Free Trade Food Fight: Is Free Trade Really Unsustainable and Destructive?
For decades, debates surrounding the costs and benefits of free trade have raged. In both developing and developed nations, opinions remain mixed, particularly because the impact of major international trade agreements means different things to different people. On Wednesday morning, in central Tokyo, thousands of people gathered to stage a rally voicing their opposition to Japan's entry into the U.S.-backed trans-Pacific free-trade agreement. The protesters, representing nearly every layer of the Japanese social spectrum, argued vehemently that the acceptance of such a trade agreement would destroy Japan's agriculture sector. Interestingly, some protesters, many who were farmers, even argued that the government's decision to explore such an agreement was criminal. At first glance, I found myself sympathetic to the arguments posed by the protesters. Then, after consideration, I found myself questioning many of my initial emotions and reactions. Is free trade really destructive and unsustainable? Will Japan's agriculture sector really be destroyed it if chooses to enter into the proposed free trade agreement? More importantly, how should other nations approach the question of free trade, particularly when faced with forceful rhetoric from industry groups who argue that trade agreements are inherently destructive and unsustainable?
In forming an educated response to the question of free trade's sustainability, the most logical starting point seems to be an analysis of Japan's agricultural environment (one that faces challenges similar to many other nations around the world). As a nation, Japan has a fairly modernized agricultural sector which produces fairly high yields. Its agricultural sector is generally self-sufficient, at least in its ability to produce enough rice to feed its nation's citizen. Unfortunately, while the sector is presently sustainable, the industry's long term sustainability remains suspect. Currently, Japan only has approximately 4.6 million hectares of arable land available for farming. This number is low in proportion to the nation's population. Moreover, as the population increases, the shortage of land is likely to negatively impact the nation's food supply, forcing it to rely on imports to fill the agricultural supply gaps. Additionally, despite enjoying higher than average yields, Japanese agriculture is extremely reliant on governmental support. This support, in the form of internal payments (as well as high import tariffs which insulate the industry) maintains the solvency of many businesses - particularly unproductive ones. Additionally, while the overall average productivity per farm is high, many farms, particularly those outside of the northern island of Hokkaido, are small an inefficient. This is a major problem. When one takes into account the disparity in overall output efficiency, along with the fact that nearly 60% of Japan's agricultural workers are over 65 (with little interest in farming among the younger generations), it is hard not to be concerned. No matter how you slice it, decreasing and uncertain supply, coupled with increased demand, create a problematic resource equation.

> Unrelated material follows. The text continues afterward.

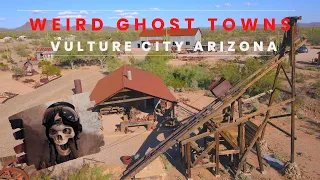 Weirdest Ghost Town We've Explored | Vulture City Arizona | EP 42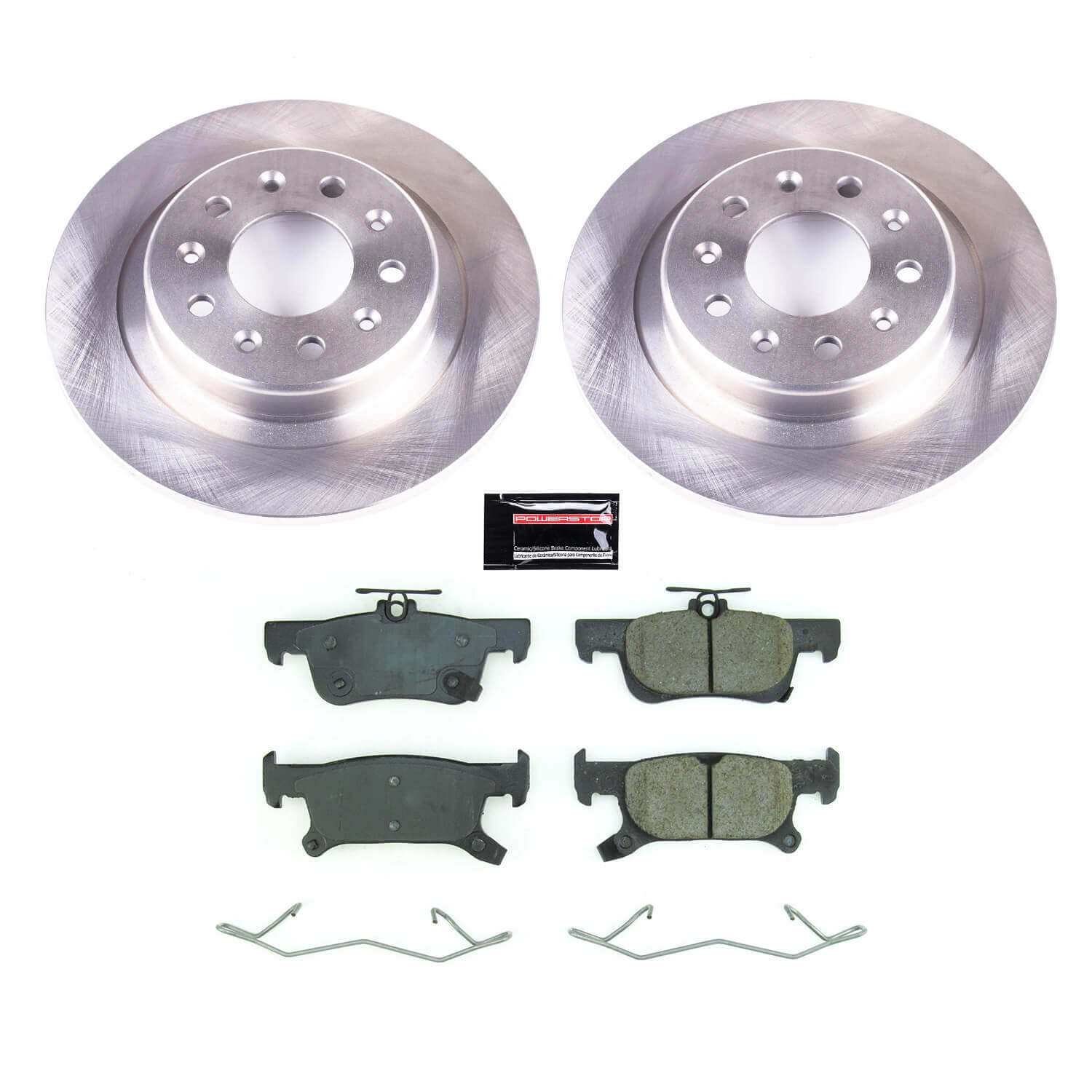 Power Stop KOE8624 Rear Autospecialty 1-Click OE Replacement Pad And Rotor Kit for 2017-2018 Buick Envision product image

Accepting this, we can now return to the question posed by many of the protesters: Is agricultural free trade destructive and unstable, particularly when a nation's entrance into such trade agreements is motivated by a resource supply shortage? Or, is entrance into such an agreement a viable solution that will address Japan's unsettling agriculture crisis? While the final answer to the question is complex, a high level overview of the facts makes it hard to accept the arguments posed by the protesters. As a researcher and perpetual student of developmental economics, I do not disagree that free trade will increase the pressure that many of Japan's smaller, less efficient farms will face (pressure that may lead to bankruptcy and personal distress). Unfortunately, a prolonged focus on this ignores the fundamental fact that, by not exploring imports and free trade, Japan may not be able to provide its citizens with enough food (in both the short and long term). When such a deficit arises, where will the supply come from? Moreover, if one refuses outright to consider increasing supply, and believes that Japan (like many other nations) must retool its consumption patterns to conform to the new reality, is it truly realistic to expect that Japan's citizen's will change their consumption habits if domestic food supply wains?

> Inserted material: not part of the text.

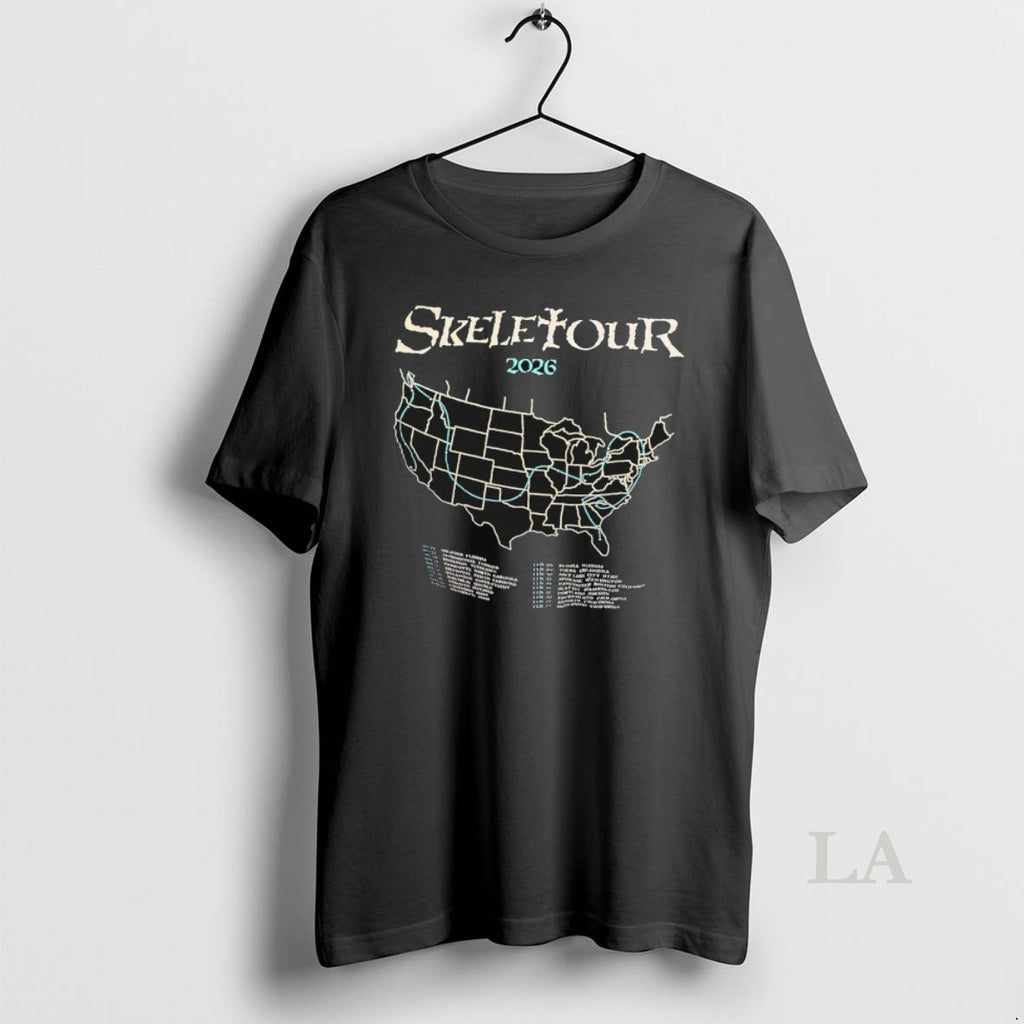 Original Skeletour 2026 Usa State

Overall, while I am sympathetic to the fact that the proposed free trade environment may impose hardship on some businesses and families, I refuse to blame free trade outright for such hardship. On the contrary, I believe that the pain and duress that many of Japan's unproductive businesses might face once imports begin is entirely self created - one that is amplified by Japanese government's decision to commit significant dollars to support an industry which is highly unsustainable. Accepting this, I believe that international free trade which undermines the solvency of the unproductive farms would help - rather than hurt - Japan's economy. Japan, like many developed and developing nations, needs food. Unfortunately, if consumption habits (demand) will not change, then supply must. With this in mind, I believe that we should focus our blame on the consumption patterns that have created the need for free trade's existence, not free trade itself. Failure to address consumption and demand issues will mean that countries facing food and resource shortages will be forced to increase their reliance on international trade, particularly if individual citizens refuse to change their voracious consumption patterns. Sadly, until we collectively recognize this, and admit that consumption itself is the real culprit, "free trade" will continue to be unnecessarily ostracized and "criminalized."